To do
Your task is to reproduce exactly the lines from the one containing "Please note that" through the last line below, both ends included, and nothing else, with no pictures.

Data shown
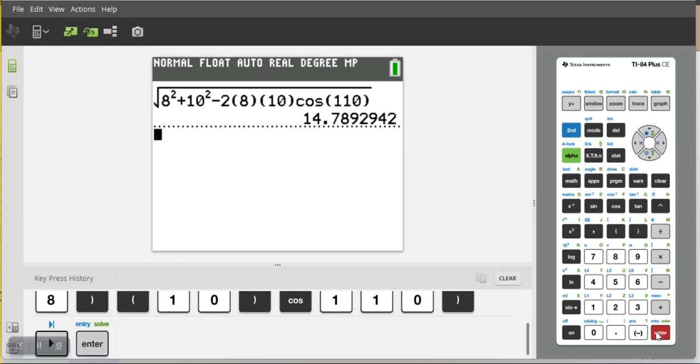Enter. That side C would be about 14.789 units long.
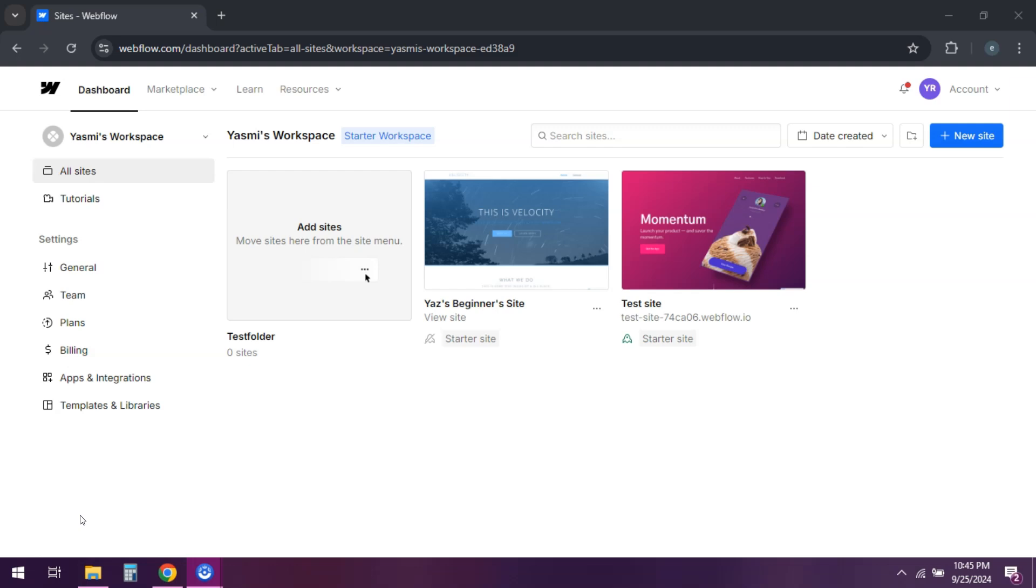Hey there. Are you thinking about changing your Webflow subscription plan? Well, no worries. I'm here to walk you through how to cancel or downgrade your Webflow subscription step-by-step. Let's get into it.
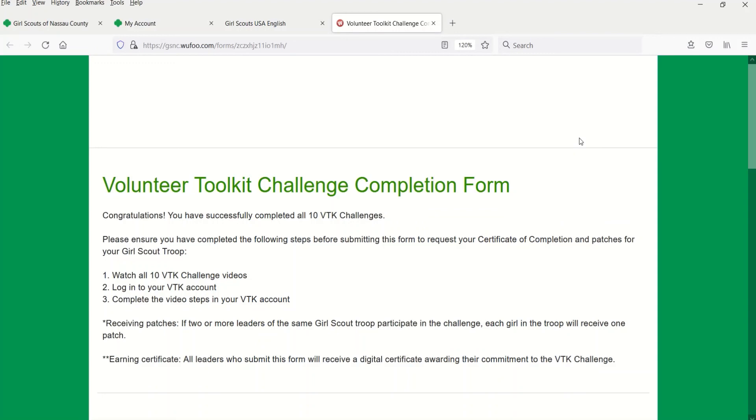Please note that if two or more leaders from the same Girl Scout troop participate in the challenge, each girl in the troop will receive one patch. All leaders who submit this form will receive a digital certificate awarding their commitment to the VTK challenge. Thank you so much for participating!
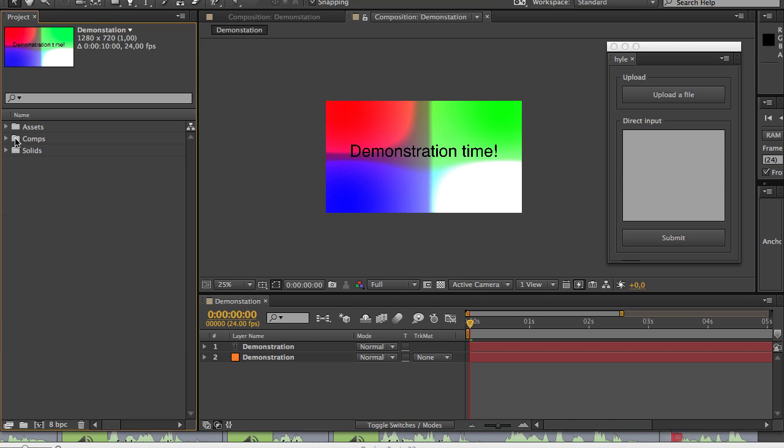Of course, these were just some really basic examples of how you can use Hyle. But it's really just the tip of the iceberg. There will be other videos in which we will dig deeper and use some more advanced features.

Written solution
Please note that if two or more leaders from the same Girl Scout troop participate in the challenge, each girl in the troop will receive one patch. All leaders who submit this form will receive a digital certificate awarding their commitment to the VTK challenge. Thank you so much for participating!
Of course, these were just some really basic examples of how you can use Hyle. But it's really just the tip of the iceberg. There will be other videos in which we will dig deeper and use some more advanced features.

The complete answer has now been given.